O académico destaca que o clima de violência que se gera nos Estados Unidos a partir do final dos anos 1950 é acompanhado pela música começando a desenvolver-se o free jazz e o avant-garde e todas as formas de jazz não só mais abstratas mas também, musicalmente, mais dissonantes.

“A música genial de Charles Mingus (‘Fabous Fables’) continua atual e a mensagem infelizmente adapta-se às circunstâncias atuais. Nos Estados Unidos ainda existe muita segregação. Se calhar o racismo já não se manifesta de uma forma tão aberta e não é só relativamente aos afro-americanos mas também em relação a outras minorias, como os latinos”, afirma.

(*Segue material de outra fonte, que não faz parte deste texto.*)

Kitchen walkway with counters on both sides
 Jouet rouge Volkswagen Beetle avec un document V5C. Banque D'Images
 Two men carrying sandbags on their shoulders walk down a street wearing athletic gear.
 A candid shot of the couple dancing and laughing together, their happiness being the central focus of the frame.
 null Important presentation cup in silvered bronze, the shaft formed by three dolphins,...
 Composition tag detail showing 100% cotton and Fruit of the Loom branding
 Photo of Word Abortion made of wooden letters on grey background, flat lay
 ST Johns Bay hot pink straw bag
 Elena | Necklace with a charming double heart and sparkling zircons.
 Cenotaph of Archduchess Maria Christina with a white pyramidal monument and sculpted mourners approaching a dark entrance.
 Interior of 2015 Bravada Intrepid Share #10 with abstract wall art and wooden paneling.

Por outro lado, o académico refere que é importante também continuar a estudar a forma como o jazz foi utilizado como propaganda pelos vários governos dos Estados Unidos em meados do século XX para mostrar no estrangeiro altos níveis de criatividade enquanto “por contradição”, dentro do país, o jazz era usado pelos músicos como forma de crítica dessa mesma sociedade.

“Portanto, é interessante ver como uma música foi utilizada historicamente com propósitos contraditórios e como os discursos diferentes sobre a música podem dizer uma coisa e o seu contrário”, conclui.